How to Survive 75 Hours Alone in the Ocean - Outside - Pocket

I'll chime in later. For now, I want to see what peeps are thinking. Especially what you learned in you OW and AOW classes.
 
Following a spate of lost diver rescues, the RNLI (Royal National Lifeboat Institution) teamed up with various agencies (BSAC, PADI, SSI) to offer a sea survival course aimed specifically at divers. The course is designed to give divers the skills to deal with a 'lost at sea' scenario.

Share #FloatToLive

You may also recognise the narrator, and key contributor, as Mark Powell of 'Deco for Divers' fame.

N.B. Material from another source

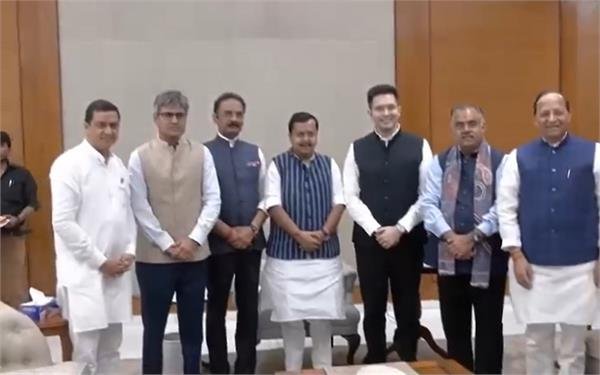 ਰਾਘਵ ਚੱਢਾ, ਅਸ਼ੋਕ ਮਿੱਤਲ ਤੇ ਸੰਦੀਪ ਪਾਠਕ ਭਾਜਪਾ ਦਫ਼ਤਰ ਪਹੁੰਚੇ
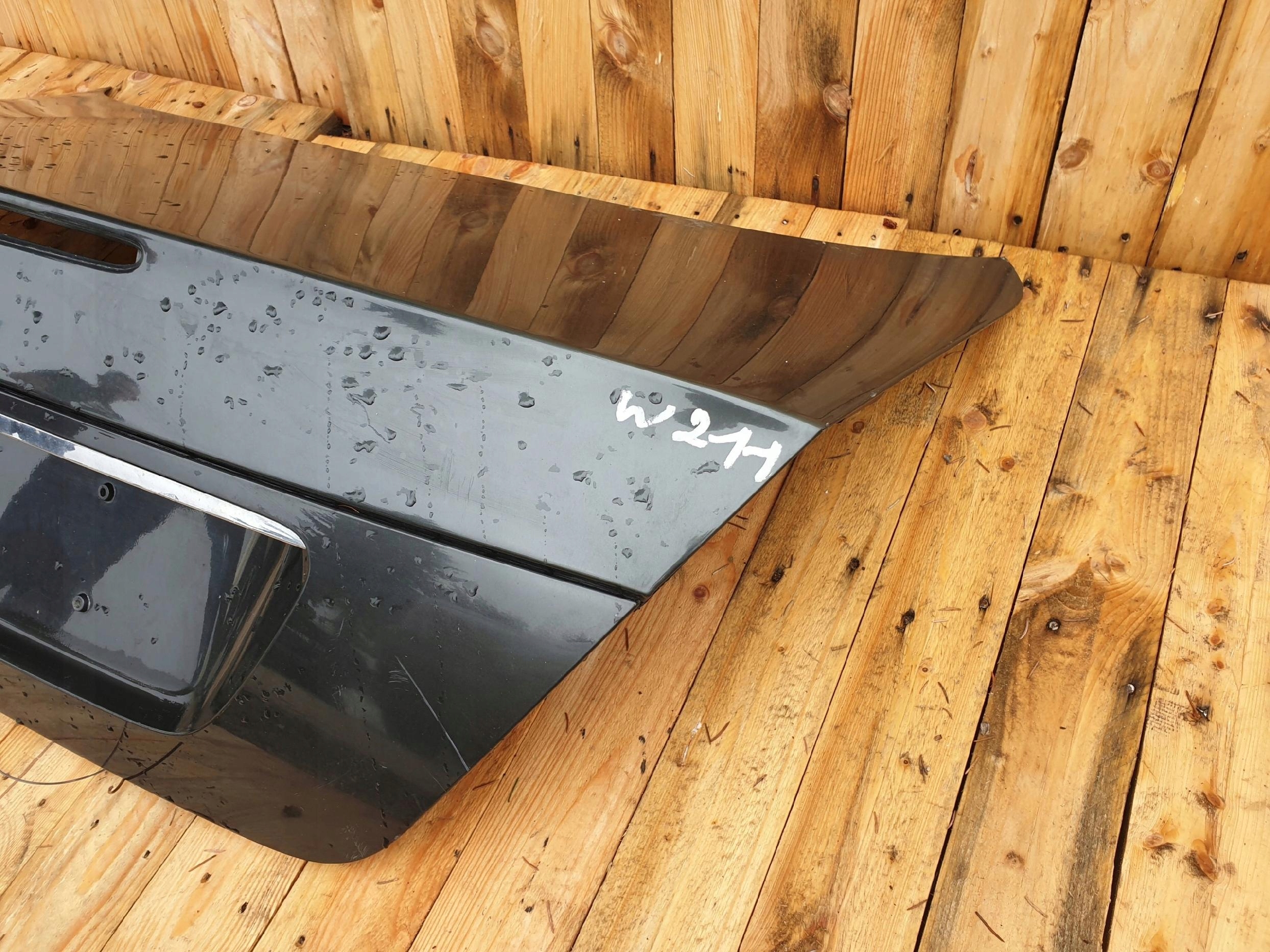 boot door MERCEDES W211 colour 753U unprotected !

I was lucky enough to be one of the first instructors certified to provide this course, which we hope will reduce diver casualties.

Unfortunately too many people still believe that a dive ends on surfacing.
 
"sometimes because he lost consciousness—but he had a buoyancy compensator that kept him floating with his head above water."

sometimes it pays to have a jacket bc.
 
Well, that's scary. Some people at my shop experienced a separation from their dive boat even with SMBs deployed, due to the wave height and distance. I don't know if it will help, but I do always carry an SMB in the ocean, and have one of the giant 6-ft ones from DAN if there is any hint of waves. Hopefully a combination of that with buddy diving would avoid the event described (sea lice!), but major props to Hewitt.
 
No mention of whether he was carrying any signaling devices, though it's implied he was not. My OW course taught that we should always have a minimum of one audible and one visual signaling device, and we did practice deploying an SMB. But we weren't required to purchase those devices, nor were they provided with our rental gear, so I feel like they undercut that message. There was also no discussion of where to put those devices, or which ones were most effective under different conditions, and PLBs were never mentioned at all.
 
"Hewitt was an experienced navy diving instructor with 20 years in the service, and he told his dive buddy that he would swim back to shore himself. Instead, when he next surfaced, he had been pulled several hundred meters away by a strong current. The dive boat had moved on, and Hewitt was left alone, the tide pushing him farther and farther from shore."

I'm a little confused were they shore diving or diving from a boat? If they were diving from a boat and the boat left without a proper headcount and did not notify anyone that is a serious issue. This scenario is different if they were shore diving and he got swept out to sea.